Saturday, June 28, 2008

When is the Length of a Criminal Sentence Considered Cruel & Unusual Punishment?

By Syreeta L. McNeal, CPA, JD

Recently, blogger, Chiderah Aalisa, posted an article regarding the sentencing of Corey Devon Green to 297 years in prison for charges of attempted murder, kidnapping and theft of a vehicle in Dotham, Alabama. Many in the black community are outraged and can’t understand how Corey Green can be sentenced to 297 years in prison and this length of sentence not be considered “cruel and unusual” punishment. Well, this article is aimed to give information to the black community concerning the status of the law as it relates to the following issue: when is the length of a criminal sentence considered cruel and unusual punishment? To address this issue in context of the Corey Green sentence, the article will give general background regarding application of the Eighth Amendment of the United States Constitution and the status of Alabama law.


Eighth (8th) Amendment of the United States Constitution states:
Excessive bail shall not be required, nor excessive fines imposed, nor cruel and unusual punishments inflicted.[1]

Many authorities have recognized that the constitutional prohibition of cruel and unusual punishment is to be enforced in relation to modern concepts of what constitutes "cruelty" and what is "unusual" as of the present time.[2] Although constitutional provisions barring cruel and unusual punishment are primarily aimed at inhuman and barbarous penalties, such as those involving various kinds of physical torture, it is also true that the duration of punishment, as well as the kind of punishment, comes within the purview of the constitutional proscription.[3]

Accordingly, while punishment by fine and imprisonment is not per se cruel and unusual, yet, where the duration of a sentence of imprisonment imposed on one convicted of a crime is so disproportionate to the offense committed as to shock the moral sense of the community, the punishment is constitutionally impermissible.[4] Nevertheless, although circumstances may exist under which a sentence of imprisonment may be cruel and unusual, Courts have ruled that regardless of a sentence’s severity or length, a sentence of imprisonment within the limits of a statute where the statute is deemed valid and constitutional does not ordinarily amount to cruel and unusual punishment.[5]

Status of Alabama Law

Generally, a sentence within the limits of a valid statute ordinarily is not cruel and unusual punishment.[6] There are exceptions to this general rule. There are circumstances under which a sentence may be considered cruel and unusual punishment under Alabama law.

For example, in Wilson v.

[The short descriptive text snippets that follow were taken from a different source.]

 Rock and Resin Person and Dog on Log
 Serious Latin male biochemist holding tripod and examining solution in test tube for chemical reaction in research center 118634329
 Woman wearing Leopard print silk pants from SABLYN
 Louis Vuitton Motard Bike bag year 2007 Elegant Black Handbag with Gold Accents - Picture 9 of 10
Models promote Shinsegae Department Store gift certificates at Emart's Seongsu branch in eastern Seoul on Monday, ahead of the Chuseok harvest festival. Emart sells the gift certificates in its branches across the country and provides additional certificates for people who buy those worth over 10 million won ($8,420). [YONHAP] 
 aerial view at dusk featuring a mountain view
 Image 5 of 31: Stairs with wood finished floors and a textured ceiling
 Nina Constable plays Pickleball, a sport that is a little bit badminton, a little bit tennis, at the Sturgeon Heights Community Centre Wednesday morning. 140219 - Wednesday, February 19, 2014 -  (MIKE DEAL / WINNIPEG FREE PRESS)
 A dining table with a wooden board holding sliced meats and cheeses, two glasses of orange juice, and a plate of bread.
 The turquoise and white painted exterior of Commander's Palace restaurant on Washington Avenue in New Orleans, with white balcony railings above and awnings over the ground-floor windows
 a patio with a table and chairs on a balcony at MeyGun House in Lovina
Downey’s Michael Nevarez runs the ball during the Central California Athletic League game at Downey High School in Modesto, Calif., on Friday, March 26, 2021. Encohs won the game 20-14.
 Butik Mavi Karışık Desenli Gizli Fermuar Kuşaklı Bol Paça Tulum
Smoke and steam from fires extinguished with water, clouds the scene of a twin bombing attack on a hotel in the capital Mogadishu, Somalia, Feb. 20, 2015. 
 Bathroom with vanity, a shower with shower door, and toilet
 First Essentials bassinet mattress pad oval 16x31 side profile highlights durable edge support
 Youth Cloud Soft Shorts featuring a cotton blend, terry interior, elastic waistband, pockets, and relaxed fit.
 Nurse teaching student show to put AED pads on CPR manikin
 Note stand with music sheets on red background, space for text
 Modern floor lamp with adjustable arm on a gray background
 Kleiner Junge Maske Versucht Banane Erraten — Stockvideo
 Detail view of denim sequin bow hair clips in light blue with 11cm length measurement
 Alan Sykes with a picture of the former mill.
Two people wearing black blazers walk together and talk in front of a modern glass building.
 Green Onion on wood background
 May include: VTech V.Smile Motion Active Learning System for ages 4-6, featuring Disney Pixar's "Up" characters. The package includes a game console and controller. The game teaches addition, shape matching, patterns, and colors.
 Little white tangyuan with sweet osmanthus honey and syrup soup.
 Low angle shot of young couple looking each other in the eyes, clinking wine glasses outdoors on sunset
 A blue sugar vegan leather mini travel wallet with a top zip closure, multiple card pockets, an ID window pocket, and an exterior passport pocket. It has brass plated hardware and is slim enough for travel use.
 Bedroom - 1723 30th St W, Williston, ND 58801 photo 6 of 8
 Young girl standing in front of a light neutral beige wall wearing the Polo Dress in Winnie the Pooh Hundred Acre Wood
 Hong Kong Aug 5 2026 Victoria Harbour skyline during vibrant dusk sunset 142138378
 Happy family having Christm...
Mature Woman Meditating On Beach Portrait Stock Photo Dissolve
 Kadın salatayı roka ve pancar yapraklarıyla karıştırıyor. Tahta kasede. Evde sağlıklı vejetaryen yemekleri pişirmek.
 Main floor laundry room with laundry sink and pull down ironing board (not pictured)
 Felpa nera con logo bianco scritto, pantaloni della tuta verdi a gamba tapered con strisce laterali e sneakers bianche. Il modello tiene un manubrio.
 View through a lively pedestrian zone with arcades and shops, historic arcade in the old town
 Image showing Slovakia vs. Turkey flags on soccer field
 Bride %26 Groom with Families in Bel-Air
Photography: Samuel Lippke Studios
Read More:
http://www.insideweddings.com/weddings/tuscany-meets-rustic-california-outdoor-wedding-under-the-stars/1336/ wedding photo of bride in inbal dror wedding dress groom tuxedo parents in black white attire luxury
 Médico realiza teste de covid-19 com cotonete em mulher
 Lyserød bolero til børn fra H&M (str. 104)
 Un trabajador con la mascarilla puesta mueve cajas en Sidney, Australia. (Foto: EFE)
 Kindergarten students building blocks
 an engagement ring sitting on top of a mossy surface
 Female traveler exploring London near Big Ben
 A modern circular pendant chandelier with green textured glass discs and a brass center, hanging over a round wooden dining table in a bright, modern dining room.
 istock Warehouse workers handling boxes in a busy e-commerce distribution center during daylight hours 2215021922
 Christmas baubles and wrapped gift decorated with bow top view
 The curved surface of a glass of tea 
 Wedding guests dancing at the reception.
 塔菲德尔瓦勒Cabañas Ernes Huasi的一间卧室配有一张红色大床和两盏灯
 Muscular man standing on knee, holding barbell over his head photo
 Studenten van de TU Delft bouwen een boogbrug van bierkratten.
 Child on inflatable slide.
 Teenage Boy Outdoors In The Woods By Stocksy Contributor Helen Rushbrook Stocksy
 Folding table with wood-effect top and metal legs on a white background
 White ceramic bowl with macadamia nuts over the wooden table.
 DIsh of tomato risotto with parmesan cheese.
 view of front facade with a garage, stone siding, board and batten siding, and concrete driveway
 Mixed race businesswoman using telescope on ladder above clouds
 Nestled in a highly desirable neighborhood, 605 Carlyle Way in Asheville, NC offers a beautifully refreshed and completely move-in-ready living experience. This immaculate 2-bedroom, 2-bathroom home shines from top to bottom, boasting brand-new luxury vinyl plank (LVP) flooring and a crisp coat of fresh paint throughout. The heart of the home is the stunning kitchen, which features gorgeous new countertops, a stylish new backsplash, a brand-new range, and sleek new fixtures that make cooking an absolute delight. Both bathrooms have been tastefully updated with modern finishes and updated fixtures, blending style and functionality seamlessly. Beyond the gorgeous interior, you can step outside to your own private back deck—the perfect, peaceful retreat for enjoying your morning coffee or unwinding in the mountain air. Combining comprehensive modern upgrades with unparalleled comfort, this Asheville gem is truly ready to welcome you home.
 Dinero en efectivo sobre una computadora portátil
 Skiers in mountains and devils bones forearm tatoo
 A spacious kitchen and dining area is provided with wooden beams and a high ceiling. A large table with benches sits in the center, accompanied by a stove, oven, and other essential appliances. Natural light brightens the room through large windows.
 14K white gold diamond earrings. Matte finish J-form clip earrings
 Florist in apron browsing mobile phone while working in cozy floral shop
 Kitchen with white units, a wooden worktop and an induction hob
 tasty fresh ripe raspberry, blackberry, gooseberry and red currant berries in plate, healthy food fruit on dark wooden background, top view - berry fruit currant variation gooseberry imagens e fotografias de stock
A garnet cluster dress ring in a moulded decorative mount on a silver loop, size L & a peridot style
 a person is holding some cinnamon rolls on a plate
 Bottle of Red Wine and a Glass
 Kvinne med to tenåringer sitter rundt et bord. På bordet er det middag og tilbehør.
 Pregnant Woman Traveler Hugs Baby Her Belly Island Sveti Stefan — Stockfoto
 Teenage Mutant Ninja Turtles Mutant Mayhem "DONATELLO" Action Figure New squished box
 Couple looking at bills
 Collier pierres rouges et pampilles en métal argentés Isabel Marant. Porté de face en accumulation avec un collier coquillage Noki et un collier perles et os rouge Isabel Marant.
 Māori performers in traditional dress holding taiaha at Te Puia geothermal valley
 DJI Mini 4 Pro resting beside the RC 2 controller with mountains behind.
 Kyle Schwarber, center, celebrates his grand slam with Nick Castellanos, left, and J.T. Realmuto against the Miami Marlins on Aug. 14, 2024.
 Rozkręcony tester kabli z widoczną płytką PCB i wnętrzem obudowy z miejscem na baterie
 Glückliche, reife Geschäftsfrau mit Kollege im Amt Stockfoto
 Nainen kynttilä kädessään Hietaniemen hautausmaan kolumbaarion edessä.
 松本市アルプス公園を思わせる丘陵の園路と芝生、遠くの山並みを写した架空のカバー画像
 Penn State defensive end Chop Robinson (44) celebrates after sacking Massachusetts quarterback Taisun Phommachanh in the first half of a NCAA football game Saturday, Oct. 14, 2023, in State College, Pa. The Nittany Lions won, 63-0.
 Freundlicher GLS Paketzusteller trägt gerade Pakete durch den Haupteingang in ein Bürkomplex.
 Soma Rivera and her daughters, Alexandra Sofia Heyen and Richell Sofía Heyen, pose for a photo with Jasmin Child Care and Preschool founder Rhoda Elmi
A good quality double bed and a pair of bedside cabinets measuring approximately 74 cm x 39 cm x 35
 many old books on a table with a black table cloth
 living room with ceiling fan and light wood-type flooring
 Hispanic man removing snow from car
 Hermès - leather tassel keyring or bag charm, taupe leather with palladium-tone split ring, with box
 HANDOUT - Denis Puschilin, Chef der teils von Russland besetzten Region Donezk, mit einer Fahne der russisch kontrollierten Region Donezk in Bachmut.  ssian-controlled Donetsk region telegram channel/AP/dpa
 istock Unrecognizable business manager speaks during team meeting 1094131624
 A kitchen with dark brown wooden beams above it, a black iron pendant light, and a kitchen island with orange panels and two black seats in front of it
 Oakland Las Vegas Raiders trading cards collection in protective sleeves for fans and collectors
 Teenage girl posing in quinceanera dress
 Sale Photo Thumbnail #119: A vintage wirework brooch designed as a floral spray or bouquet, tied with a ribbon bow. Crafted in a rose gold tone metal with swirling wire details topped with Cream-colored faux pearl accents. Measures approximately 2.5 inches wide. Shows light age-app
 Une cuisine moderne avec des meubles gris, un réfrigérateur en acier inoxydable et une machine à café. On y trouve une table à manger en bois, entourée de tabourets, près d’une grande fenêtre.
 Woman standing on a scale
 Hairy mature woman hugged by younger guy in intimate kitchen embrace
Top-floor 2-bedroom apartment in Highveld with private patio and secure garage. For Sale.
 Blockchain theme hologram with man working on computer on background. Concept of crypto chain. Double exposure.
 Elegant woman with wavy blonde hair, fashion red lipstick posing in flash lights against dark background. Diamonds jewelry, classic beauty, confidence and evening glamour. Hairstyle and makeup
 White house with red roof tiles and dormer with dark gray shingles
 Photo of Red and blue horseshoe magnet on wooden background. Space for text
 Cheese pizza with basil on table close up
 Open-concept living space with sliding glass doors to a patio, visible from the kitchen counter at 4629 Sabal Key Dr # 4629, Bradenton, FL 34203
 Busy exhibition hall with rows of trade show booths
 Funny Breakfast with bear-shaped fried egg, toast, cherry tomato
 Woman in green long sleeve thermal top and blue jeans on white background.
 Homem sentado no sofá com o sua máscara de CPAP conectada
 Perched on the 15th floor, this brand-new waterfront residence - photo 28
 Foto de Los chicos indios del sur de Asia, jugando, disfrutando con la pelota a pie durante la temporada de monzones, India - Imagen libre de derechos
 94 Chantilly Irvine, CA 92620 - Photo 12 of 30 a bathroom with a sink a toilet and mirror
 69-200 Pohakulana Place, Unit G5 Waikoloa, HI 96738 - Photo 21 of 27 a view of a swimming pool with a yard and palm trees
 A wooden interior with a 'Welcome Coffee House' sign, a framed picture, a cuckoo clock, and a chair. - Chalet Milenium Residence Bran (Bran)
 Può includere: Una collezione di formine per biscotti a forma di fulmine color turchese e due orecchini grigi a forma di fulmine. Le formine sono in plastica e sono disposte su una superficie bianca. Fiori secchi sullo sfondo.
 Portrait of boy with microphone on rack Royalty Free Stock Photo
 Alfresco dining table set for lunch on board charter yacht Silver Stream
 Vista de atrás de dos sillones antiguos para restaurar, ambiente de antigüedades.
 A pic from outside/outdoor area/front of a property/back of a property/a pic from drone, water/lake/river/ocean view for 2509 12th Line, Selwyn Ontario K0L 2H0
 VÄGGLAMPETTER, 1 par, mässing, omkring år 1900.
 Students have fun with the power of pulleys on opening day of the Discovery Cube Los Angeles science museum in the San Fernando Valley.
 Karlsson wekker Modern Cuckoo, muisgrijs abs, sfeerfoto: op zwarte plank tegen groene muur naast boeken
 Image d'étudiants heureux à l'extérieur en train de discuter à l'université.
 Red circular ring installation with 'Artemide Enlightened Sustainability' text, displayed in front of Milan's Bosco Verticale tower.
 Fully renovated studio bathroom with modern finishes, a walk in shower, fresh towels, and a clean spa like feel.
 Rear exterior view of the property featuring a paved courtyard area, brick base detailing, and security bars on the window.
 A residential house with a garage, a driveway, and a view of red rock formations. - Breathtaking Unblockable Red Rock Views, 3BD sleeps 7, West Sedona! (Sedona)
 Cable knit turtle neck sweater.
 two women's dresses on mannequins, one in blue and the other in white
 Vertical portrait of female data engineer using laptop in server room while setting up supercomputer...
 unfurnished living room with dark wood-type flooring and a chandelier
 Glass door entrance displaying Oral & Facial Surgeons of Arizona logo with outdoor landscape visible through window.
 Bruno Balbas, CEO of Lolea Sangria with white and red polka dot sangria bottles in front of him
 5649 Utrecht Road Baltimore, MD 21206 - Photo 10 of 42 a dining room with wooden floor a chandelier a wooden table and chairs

State, the Alabama Criminal Court of Appeals held that the statute mandating a sentence of life imprisonment without parole for a first drug offense of trafficking in morphine violated constitutional prohibition against cruel and unusual punishment, as applied to the defendant.[7] In Wilson, the Court outlined factors that may be considered in assessing the severity of crime, in connection with determination of whether the sentence is grossly disproportionate under constitutional prohibition against cruel and unusual punishment. The factors include consideration of the circumstances of the crime, the harm caused to the victim or to society, the culpability of the offender, and the offender's motive in committing the crime.[8]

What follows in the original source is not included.